One of the most obvious cases is the regulation of collective redundancy which, due to the lack of legal definition, has had to be resolved by legal doctrine, not only with interpretative criteria, but also in order to fill authentic legal loopholes; for example and amongst others, the reference period for the calculation of thresholds, the unit considered for calculation purposes (group/company/work center), the types of termination, date considered, etc.
With respect to the period of reference to be used to determine whether or not the collective redundancy thresholds are exceeded, in its ruling dated April 23, 2012, the Supreme Court (SC) clarified for the first time that the “successive periods of 90 days” referred to in article 51 of the Workers’ Statute (WS), rather than being interpreted as the need to examine terminations over a total period of 180 days (either prior to the dismissal examined, the previous and subsequent 90 days, or all subsequent days – theories that have all been claimed by attorneys and Courts -), means that, with the exception of cases of fraud, for the purposes of determining whether or not collective redundancy has occurred, only the terminations produced during the period of 90 days before the dismissal examined should be considered.
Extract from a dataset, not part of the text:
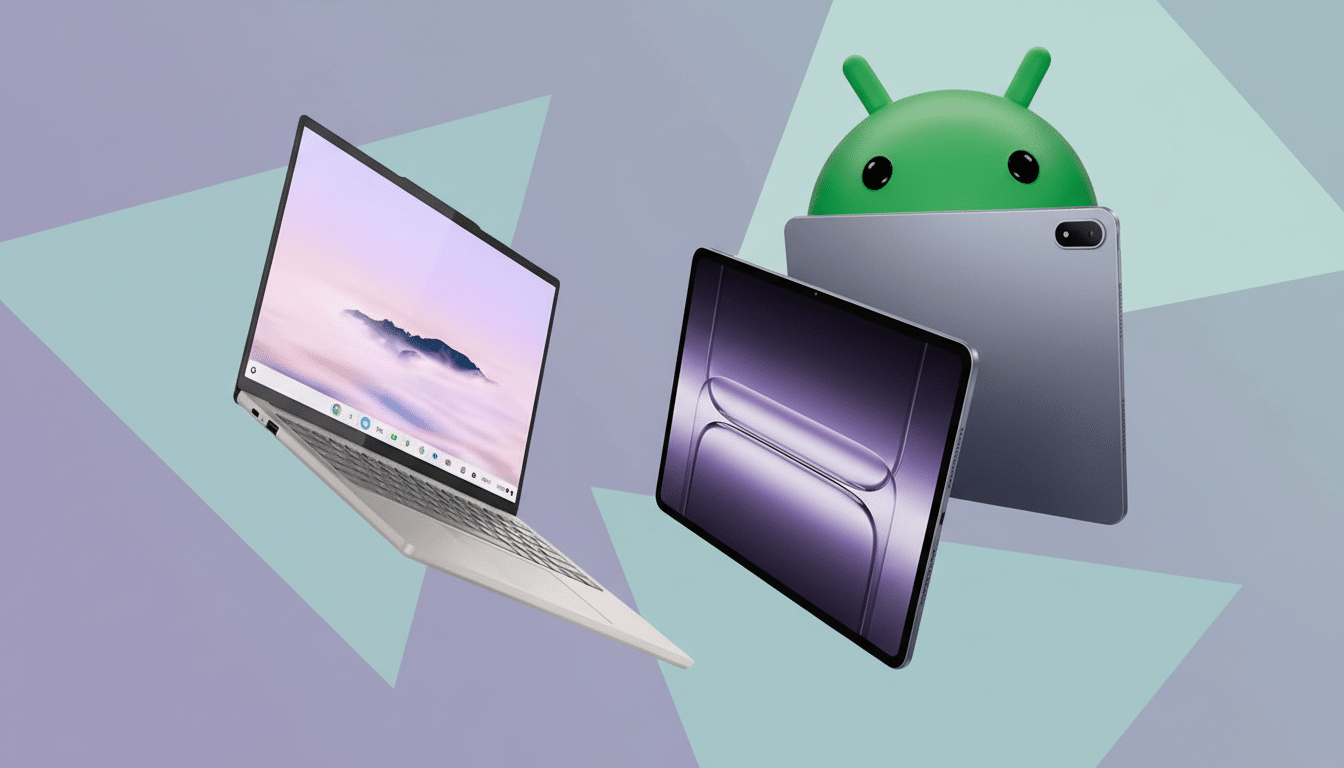 A laptop, two tablets, and the Android logo are displayed against a background of soft purple and teal geometric shapes.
In relation to the consideration of the unit at which the number of terminations has taken place, the Court of Justice of the European Union (ECJ) judgment of May 13, 2015 concluded that article 51 WS breached Directive 98/59/EC, of July 20, 1998, on the approximation of the laws of the Member States relating to collective redundancies, given that it states that the numerical threshold for collective redundancy must take into account the entire company and not the work center. This doctrine has already been applied by our Courts and led to the annulment, for example, of a collective redundancy that, although not exceeding the thresholds set forth in article 51 WS, did exceed those established by the Directive (amongst many others, the judgment by the High Court of Justice of the Basque Country of May 21, 2015).
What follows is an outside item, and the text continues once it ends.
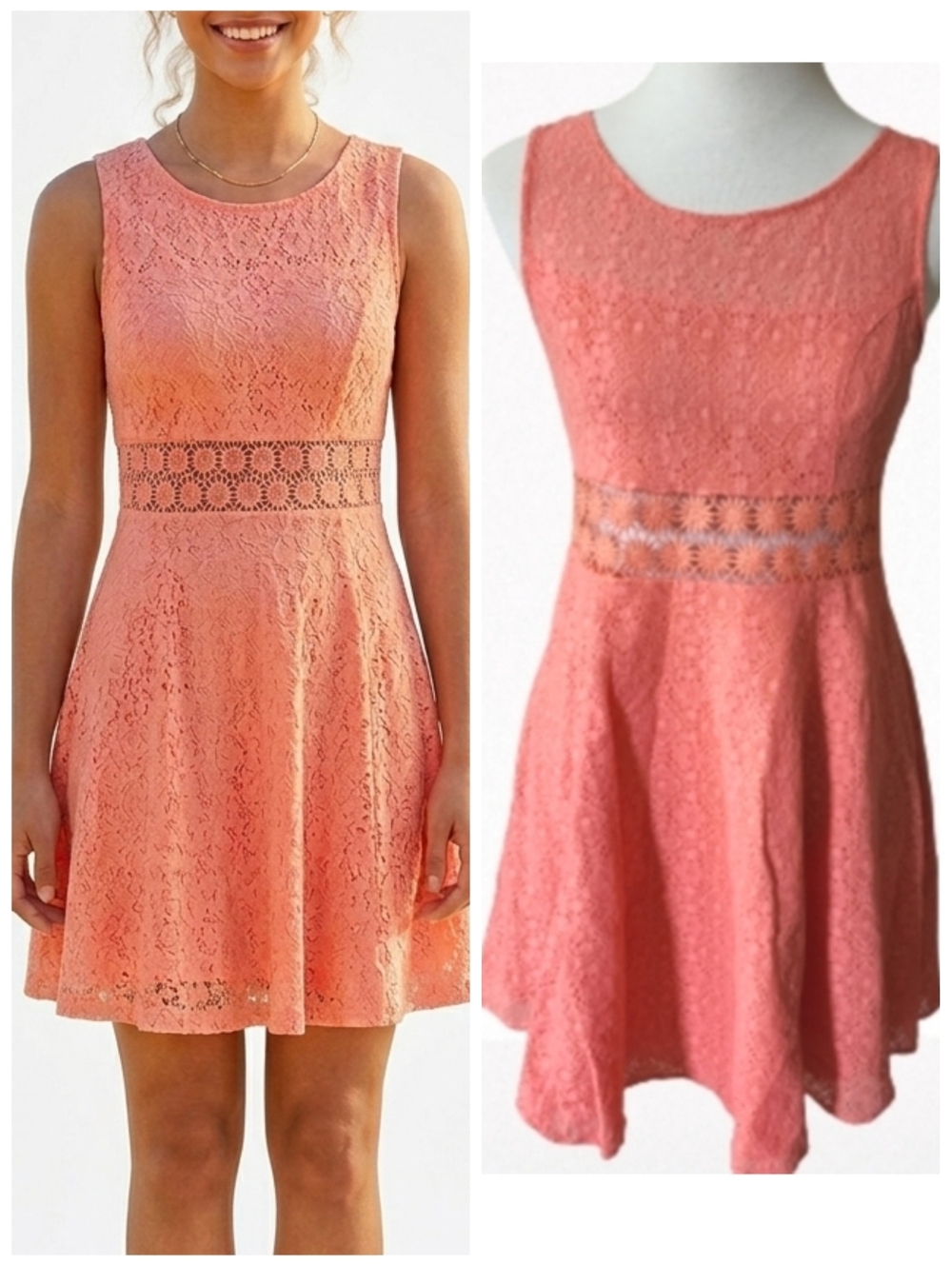 Adam Levine Floral Lace sleeveless dress Peach Salmon Women's size small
As far as the type of termination that should be considered to determine whether or not collective redundancy thresholds have been exceeded, (i) in its judgment dated November 11 2015, the ECJ concluded that the termination of a contract at the request of a worker following a substantial modification of his/her working conditions must be included for the purposes of calculating whether or not the threshold for collective redundancy has been exceeded, such doctrine having been applied by the High Court of Justice of the Basque Country in a judgment dated January 26, 2016 (in spite of the abundant Spanish case law concluding that such terminations should not be included, as they were not at the initiative of the company); and (ii) although article 51 WS itself excludes terminations under article 49.1.c) WS, the SC Ruling dated July 9, 2013 stated that the employer must certify the legality of such terminations at trial, otherwise they will be included in the calculation to determine whether or not collective redundancy has taken place.
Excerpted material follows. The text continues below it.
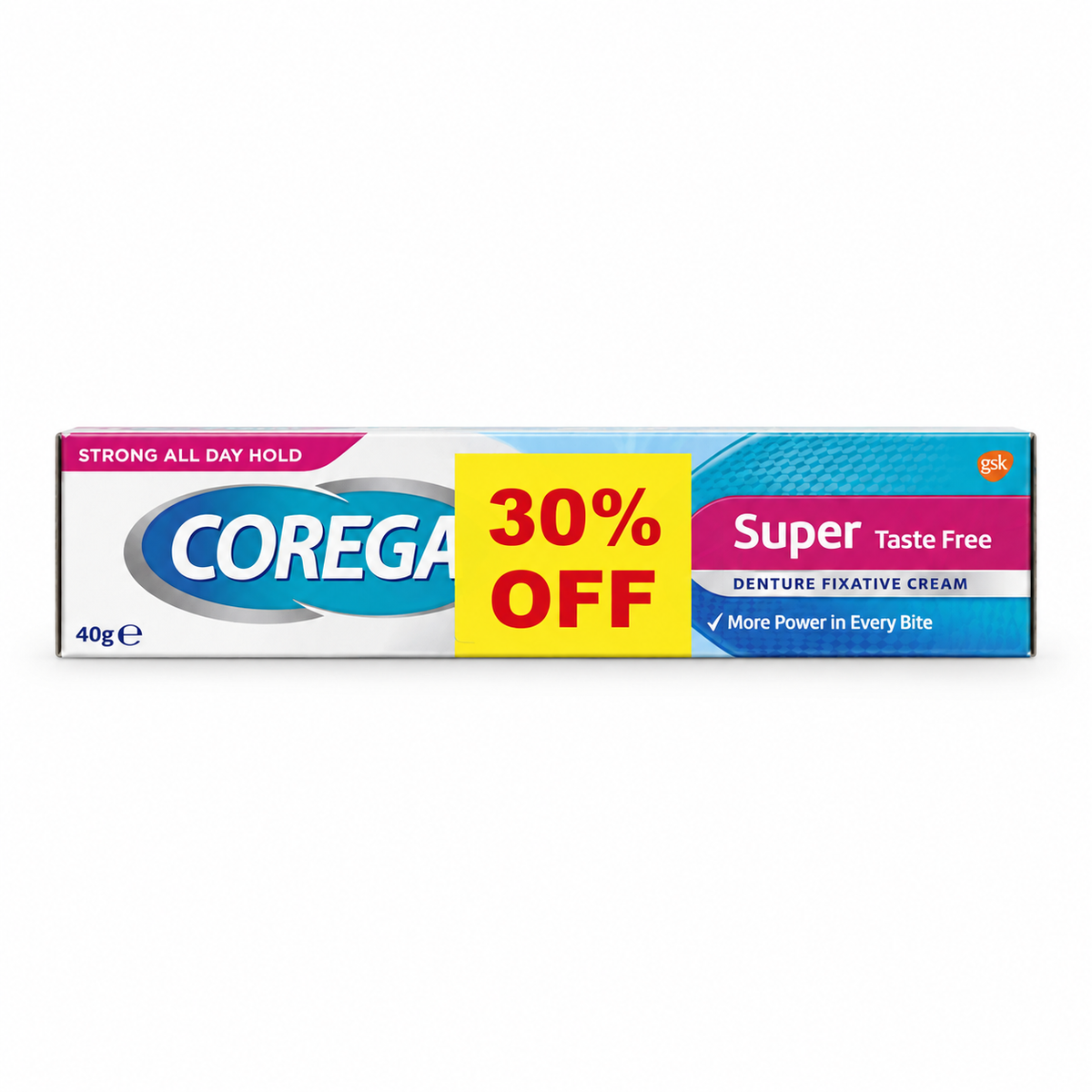 Corega Super Taste Free Denture Fixative Cream 40 g - كوريغا سوبر تيست فري كريم تثبيت أطقم الأسنان بدون نكهة ٤٠ غرام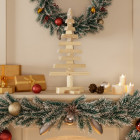  Arbre de Noël en bois pour décoration 60 cm bois massif de pin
In addition, clarification is still pending as to when the staff of a company (or work center) should be calculated in order to determine whether or not there has been collective redundancy. According to Royal Decree 1483/2012, of October 29, 2012 passing the implementing regulations governing collective redundancy, contract suspension and reduced working hour procedures, the date to be considered should be when the (collective redundancy) proceedings are initiated. However, if what is being determined is whether or not there has been a concealed collective redundancy, what is the number of staff that should be calculated? Should it be the number that existed 90 days prior to the termination or the number of workers with a contract in force at the date the dismissal examined took place?
While waiting for the legislative reforms capable of clarifying all these issues, it will be necessary to consult professionals in order to obtain legal certainty, before undertaking a project as important as collective redundancy.